Updated on 2023-06-25 GMT+08:00

Routinely Maintaining Tables

To ensure proper database running, after INSERT and DELETE operations, you need to routinely do VACUUM FULL and ANALYZE as appropriate for customer scenarios and update statistics to obtain better performance.

Related Concepts

You need to routinely run VACUUM, VACUUM FULL, and ANALYZE to maintain tables, because:

  • VACUUM FULL reclaims disk space occupied by updated or deleted data and combines small-size data files.
  • VACUUM maintains a visualized mapping to track pages that contain arrays visible to other active transactions. A common index scan uses the mapping to obtain the corresponding array and check whether pages are visible to the current transaction. If the array cannot be obtained, the visibility is checked by fetching stack arrays. Therefore, updating the visible mapping of a table can accelerate unique index scans.
  • VACUUM can avoid old data loss caused by duplicate transaction IDs when the number of executed transactions exceeds the database threshold.
  • ANALYZE collects statistics on tables in databases. The statistics are stored in the PG_STATISTIC system catalog. Then, the query optimizer uses the statistics to work out the most efficient execution plan.

Procedure

  1. Run the VACUUM or VACUUM FULL command to reclaim disk space.

    • VACUUM:
      Do VACUUM to the table:
      VACUUM customer;
      VACUUM

      This command can be concurrently executed with database operation commands, including SELECT, INSERT, UPDATE, and DELETE; excluding ALTER TABLE.

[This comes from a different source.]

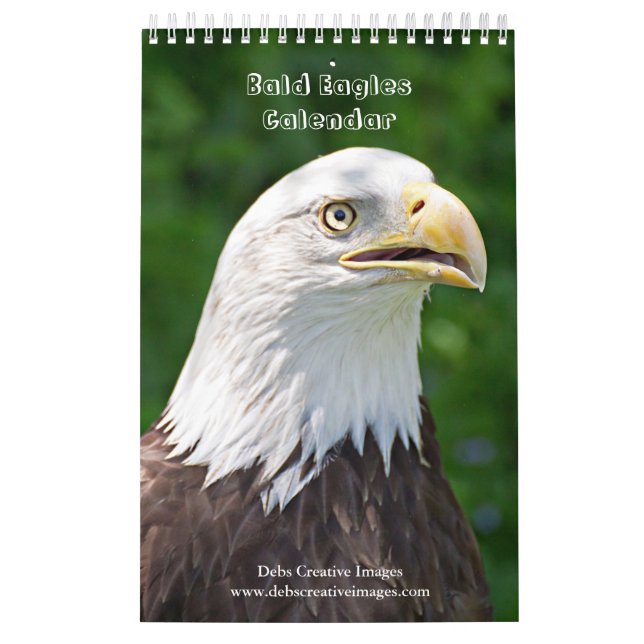 2027 Havsörnar | Vildlivsfotografering Kalender (Omslag)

      Do VACUUM to the partitioned table:

      VACUUM customer_par PARTITION ( P1 );
      VACUUM
    • VACUUM FULL:
      VACUUM FULL customer;
      VACUUM

      VACUUM FULL needs to add exclusive locks on tables it operates on and requires that all other database operations be suspended.

      When reclaiming disk space, you can query for the session corresponding to the earliest transactions in the cluster, and then end the earliest long transactions as needed to make full use of the disk space.

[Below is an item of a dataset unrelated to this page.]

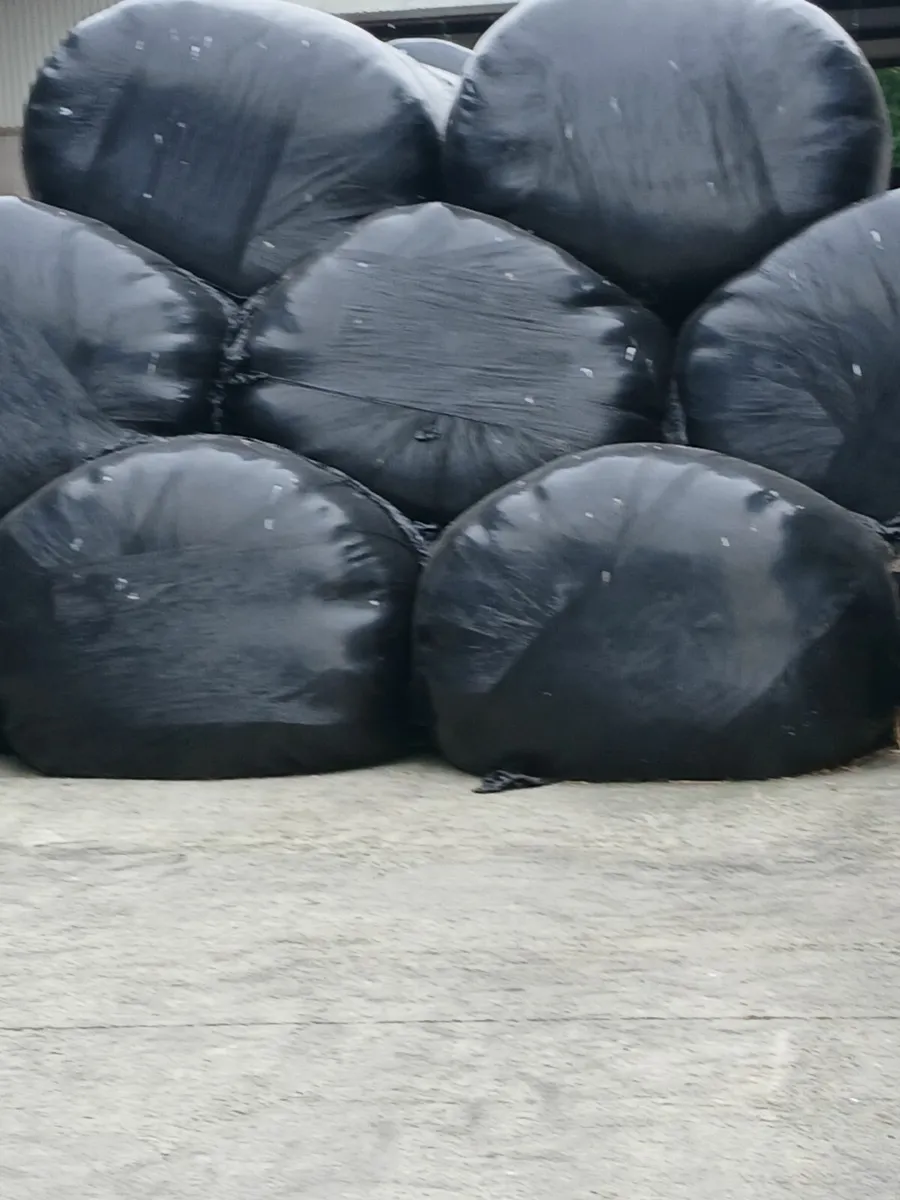 Silage - Image 2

      1. Run the following command to query for oldestxmin on the GTM:
        select * from pgxc_gtm_snapshot_status();
      2. Run the following command to query for the PID of the corresponding session on the CN. xmin is the oldestxmin obtained in the previous step.
        select * from pgxc_running_xacts() where xmin=1400202010;

  2. Do ANALYZE to update statistical information.

    ANALYZE customer;
    ANALYZE

    Do ANALYZE VERBOSE to update statistics and display table information.

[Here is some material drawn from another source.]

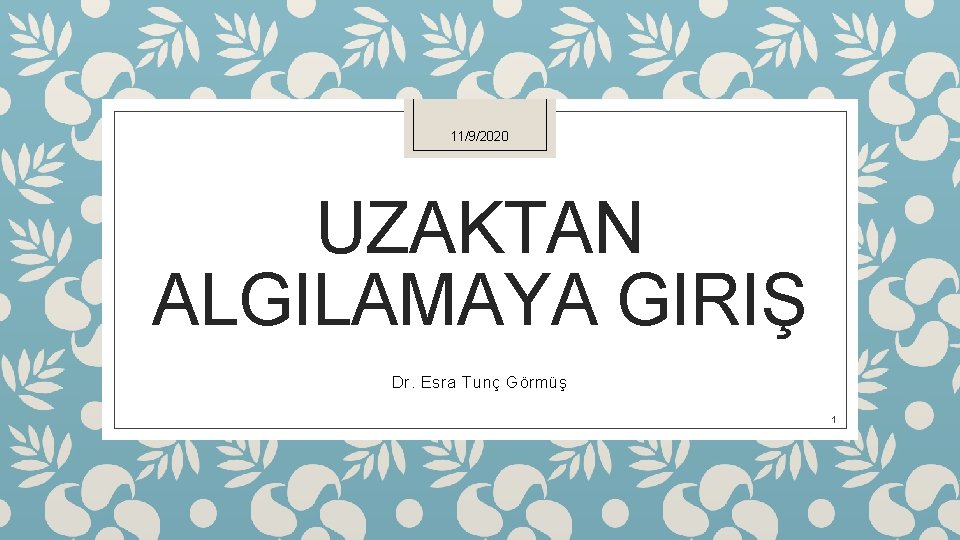 11/9/2020 UZAKTAN ALGILAMAYA GIRIŞ Dr. Esra Tunç Görmüş 1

    ANALYZE VERBOSE customer;
    ANALYZE

    You can use VACUUM ANALYZE at the same time to optimize the query.

    VACUUM ANALYZE customer;
    VACUUM

    VACUUM and ANALYZE cause a substantial increase in I/O traffic, which may cause poor performance of other active sessions. Therefore, you are advised to set by specifying the vacuum_cost_delay parameter.

  3. Delete a table

    DROP TABLE customer;
    DROP TABLE customer_par;
    DROP TABLE part;

    If the following output is displayed, the index has been deleted.

    DROP TABLE

Maintenance Suggestion

  • Routinely do VACUUM FULL to large tables. If the database performance deteriorates, do VACUUM FULL to the entire database. If the database performance is stable, you are advised to monthly do VACUUM FULL.
  • Routinely do VACUUM FULL to system catalogs, mainly PG_ATTRIBUTE.
  • The automatic vacuum process (AUTOVACUUM) in the system automatically runs the VACUUM and ANALYZE statements to reclaim the record space marked as the deleted state and to update statistics related to the table.